Skip the pictures, please, and write out exactly the lines from the opening of the data through the line containing "Pipishell 3 Tier".

##### Dataset extract

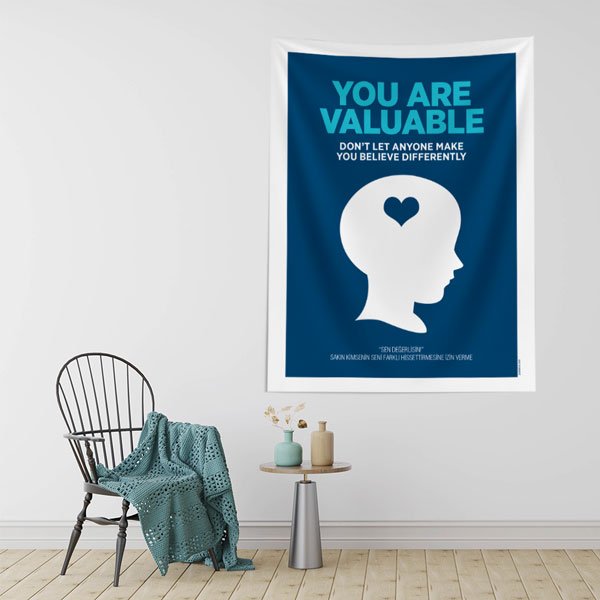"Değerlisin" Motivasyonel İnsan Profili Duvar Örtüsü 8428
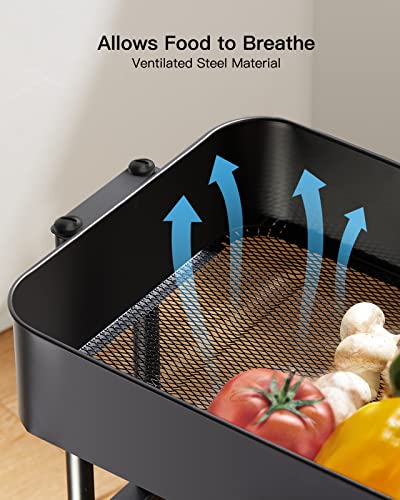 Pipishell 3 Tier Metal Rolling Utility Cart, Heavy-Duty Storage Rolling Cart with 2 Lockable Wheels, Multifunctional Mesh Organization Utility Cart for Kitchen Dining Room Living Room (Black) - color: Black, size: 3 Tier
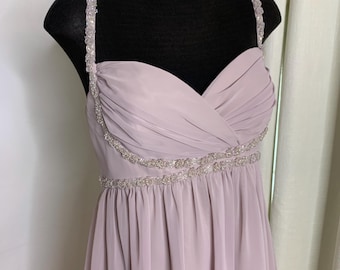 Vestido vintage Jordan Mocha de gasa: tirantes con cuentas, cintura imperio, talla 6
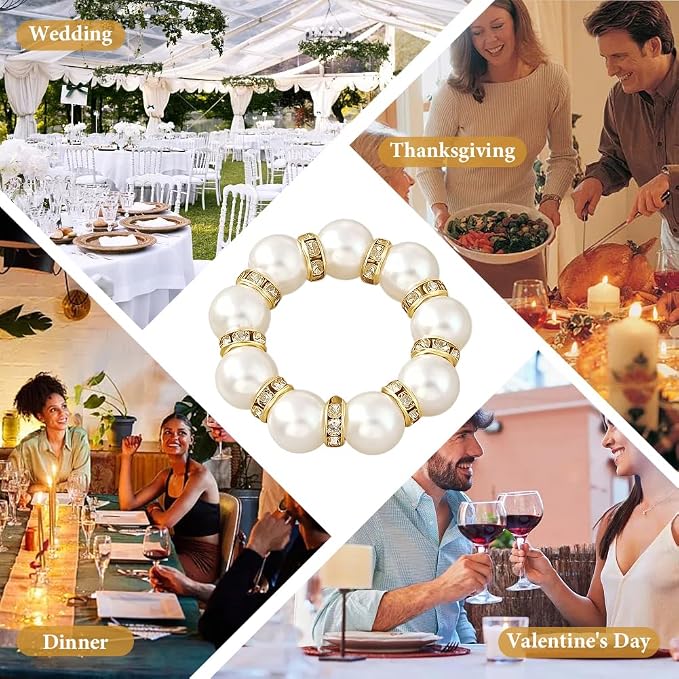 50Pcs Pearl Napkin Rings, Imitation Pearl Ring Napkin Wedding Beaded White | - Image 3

##########

Output for this task ▸
"Değerlisin" Motivasyonel İnsan Profili Duvar Örtüsü 8428
 Pipishell 3 Tier Metal Rolling Utility Cart, Heavy-Duty Storage Rolling Cart with 2 Lockable Wheels, Multifunctional Mesh Organization Utility Cart for Kitchen Dining Room Living Room (Black) - color: Black, size: 3 Tier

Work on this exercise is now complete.